Any anxiety that even the most stressed customer has instantly melts away, making the store the perfect destination for any students looking for a brief escape from academic life. The worn wooden floors creak under foot, a reminder to customers of the historical value of the store’s building. Positioned in the old home of the Blount County Library and built in the late 1920s, Dandy Lions is only the third tenet of this monumental building. After the country library moved buildings, the second occupant of the building was the local Red Cross. While the purpose of the building itself has changed over the years, the building’s occupants have always tried to participate in the Maryville community in some way.
The owner of Dandy Lions, Joy Foster Carver, made the goals of continuing the traditions of being a service to Maryville the foremost missions of Dandy Lions. She has a dedication to giving the area both products and services that they might not find elsewhere. Although Carver studied elementary education when she attended Baylor University in Waco, Texas, and continued to receive her master’s degree from University of Tennessee in Knoxville, she said that she still desired to turn her passion for retail into a full time career. After working at two inner city schools in Knoxville, Carver decided to start a family. Being a stay at home mom quickly turned into creating an in home stationery business.
She described it as successful from day one. “It was doing so well that, with starting a family, it needed to get out of our home,” Carver said. The next step was finding a space in Maryville that would allow the business to become a part of the local business community. Creating a plan for restoration of the old library building benefited the downtown area, as well as the business; the move allowed Carver to bring not only stationary, but also merchandise to fill the new 2,400 square feet of space Carver said that she has the ability to bring in products that are “trending,” as well as merchandise that had never been offered in Maryville before.
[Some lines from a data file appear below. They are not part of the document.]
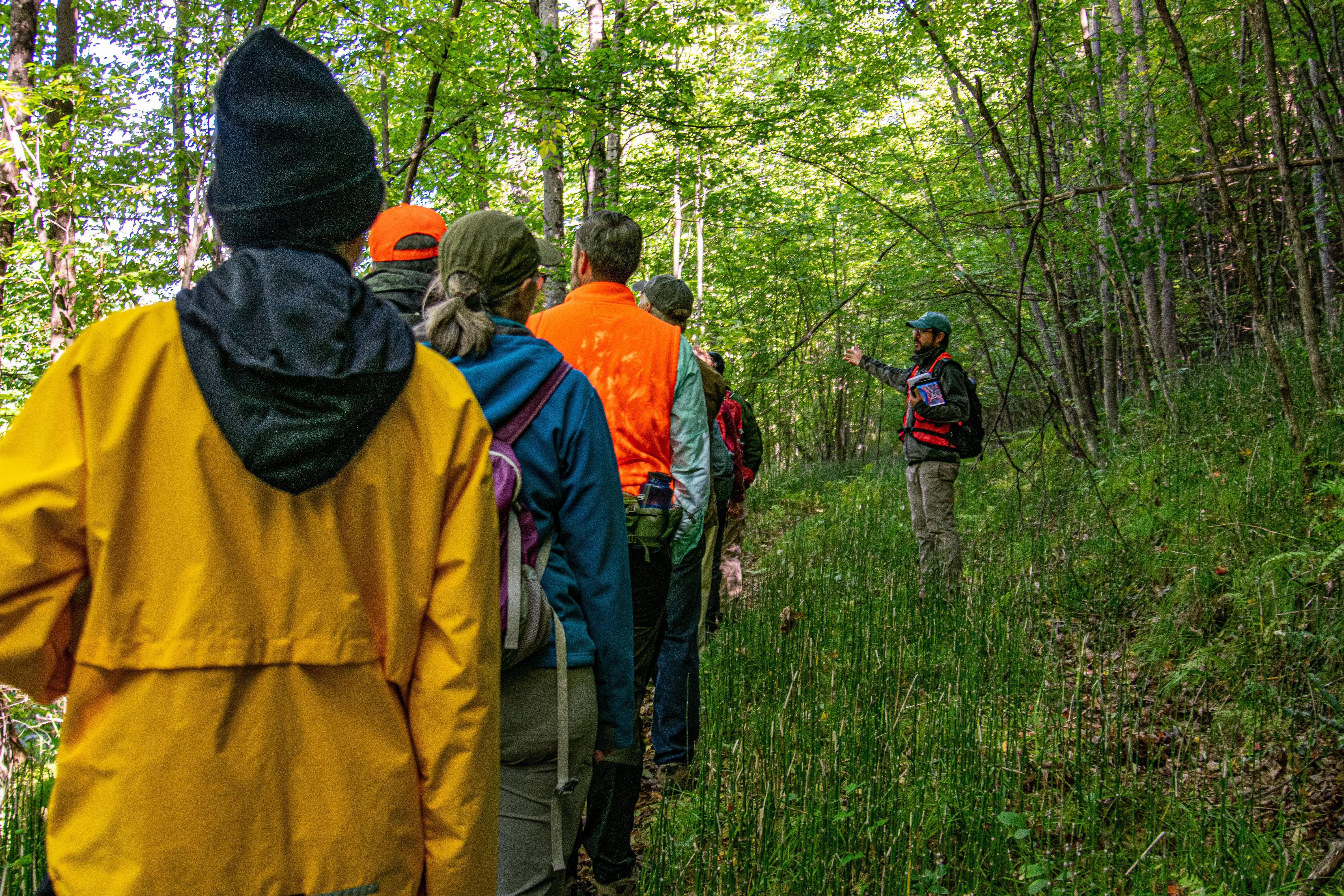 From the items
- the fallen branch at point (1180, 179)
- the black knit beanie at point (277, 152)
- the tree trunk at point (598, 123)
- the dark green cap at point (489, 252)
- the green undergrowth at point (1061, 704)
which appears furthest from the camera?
the tree trunk at point (598, 123)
Customers will see designer items in Dandy Lions, with brand names such as Lilly Pulitzer and Tervis Tumblers, which are mixed in with goods from local artists. With products that are bought from the national market, as well as handmade items from those closer to home, Dandy Lions offers a balance of national trends and a hometown touch.
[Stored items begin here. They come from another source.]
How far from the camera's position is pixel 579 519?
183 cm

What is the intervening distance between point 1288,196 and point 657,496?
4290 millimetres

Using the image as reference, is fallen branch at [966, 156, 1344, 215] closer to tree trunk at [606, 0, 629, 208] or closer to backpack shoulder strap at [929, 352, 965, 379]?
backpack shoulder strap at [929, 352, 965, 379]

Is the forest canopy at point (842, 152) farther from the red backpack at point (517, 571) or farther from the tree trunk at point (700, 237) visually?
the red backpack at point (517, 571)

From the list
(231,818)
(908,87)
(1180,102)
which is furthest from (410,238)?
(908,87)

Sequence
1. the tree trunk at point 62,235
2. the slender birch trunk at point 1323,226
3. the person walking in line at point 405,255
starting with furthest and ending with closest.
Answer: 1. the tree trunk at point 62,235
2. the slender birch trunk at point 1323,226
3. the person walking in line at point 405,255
“It needs to be a fit,” Carver said. “It needs to be things that fit with our customer base, fit with the historic walls of the store, fit with what’s trending.” The merchandise in the store is specifically ideal for college students. Because the buyers for the store are college students themselves, many of them studying retail management at UT, the items are perfectly suited for the student demographic. Carver also explains that the pricing for most items is within a student budget, the inventory being mostly items within the $15 to $30 range. However unique and exciting the items in the store are, the products do not sell themselves. A loyal customer base for Dandy Lions has been established by the services that the employees provide.
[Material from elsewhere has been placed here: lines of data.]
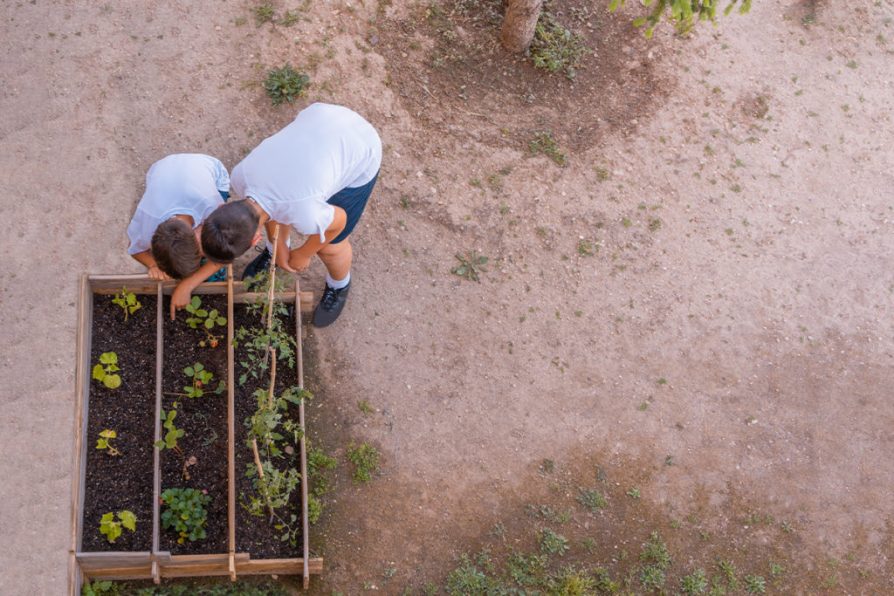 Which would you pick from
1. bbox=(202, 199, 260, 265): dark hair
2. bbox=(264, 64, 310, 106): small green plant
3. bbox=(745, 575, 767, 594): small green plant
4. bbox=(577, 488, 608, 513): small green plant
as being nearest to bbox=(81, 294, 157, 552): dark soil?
bbox=(202, 199, 260, 265): dark hair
The core of it all is you have to just be helpful and friendly and nice,” Carver said. “You can learn business stuff.” While Carver knows that her store can’t just be “cute and fun and nice” in order to fulfill the business side of her establishment, she also says that she seeks to emphasize the service aspects of Dandy Lions. The values behind the store, the multifaceted talents the business requires, and the commitment to the local community complement what students of Maryville College are taught with their liberal arts education.
“We want to be reflective of Maryville,” Carver said. “We want to built on service and friendships. We’re still a small town, and that’s why people come time and time again.” Carver has dedication to giving the community of Maryville a place to be treasured. Her commitment to service is especially extended to MC students, for whom a discount of 10 percent will be given on any in store merchandise with a student ID.